LaBraM

Config name: Labram
Pretrained checkpoint: braindecode/labram-pretrained (HuggingFace Hub)
Reference: Jiang et al., Large Brain Model for Learning Generic Representations with Tremendous EEG Data in BCI, ICLR 2024

LaBraM is a patch-based EEG transformer with learned spatial and temporal embeddings. The pretrained checkpoint was trained on 16 public EEG datasets totalling ~2534 hours at 200 Hz with a patch size of 200 samples (1 s) and up to 128 channels from the standard 10-20/10-10 system. Input channels are matched case-insensitively against the 128-channel LABRAM_CHANNEL_ORDER; unmatched channels are dropped.

Pretraining data overlap

Warning

LaBraM was pretrained on 16 public EEG datasets totalling ~2534 hours (Appendix D of the paper). The pretraining corpus includes PhysioNet Motor Imagery (Schalk et al., 2004) and TUAR (TUH EEG Artifact Corpus), both of which are also NeuralBench evaluation datasets. Results on the affected tasks may be inflated because the model has seen the same recordings (though not the same labels) during self-supervised pretraining.

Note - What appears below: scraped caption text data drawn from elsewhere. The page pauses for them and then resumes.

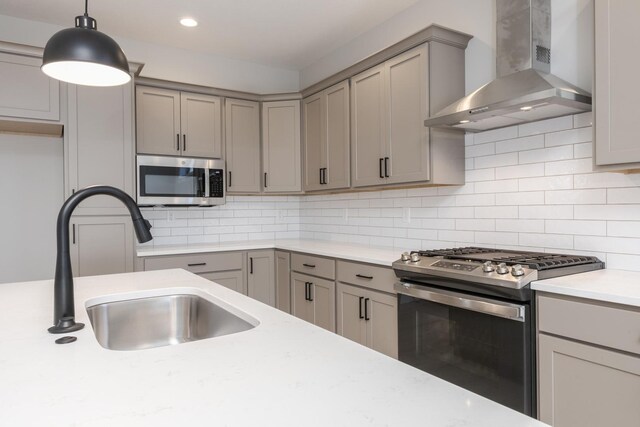 1904 Dunraven Rd, Bloomington, IL 61704 - kitchen featuring stainless steel appliances, wall chimney range hood, gray cabinets, a sink, and hanging light fixtures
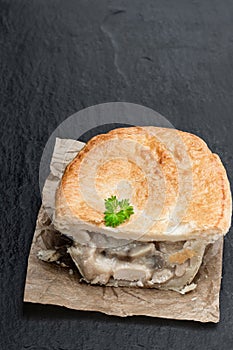 Halved pukka pie pasty on black stone background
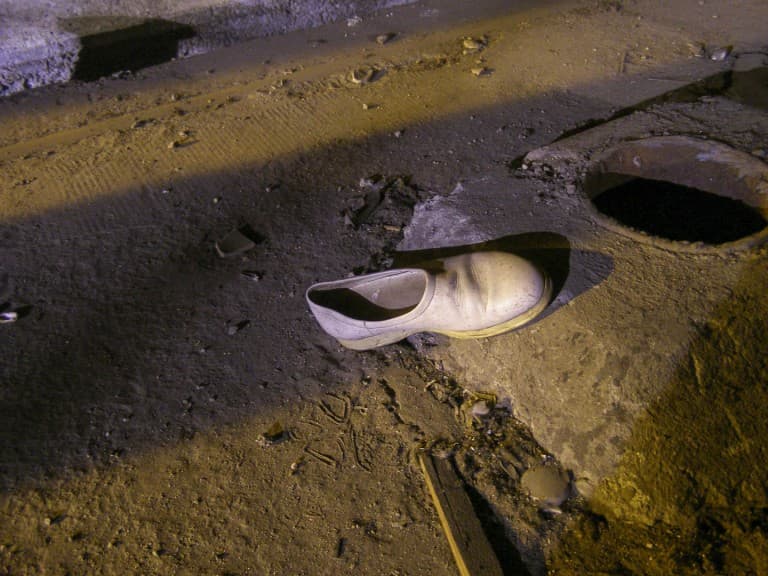 A Lost Shoe at the Abandoned Train Repairing Workshop in Turin, Italy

The paper explicitly states that TUAB and TUEV recordings were excluded from pretraining, so pathology and clinical_event are not affected.

Pretraining dataset

NeuralBench task

NeuralBench study

PhysioNet Motor Imagery

motor_imagery

Schalk2009

TUAR

artifact

Hamid2020

Known limitations

  • Zero-padding for non-divisible durations introduces artefactual silence at the end of the window, which may slightly reduce performance compared to natively aligned durations.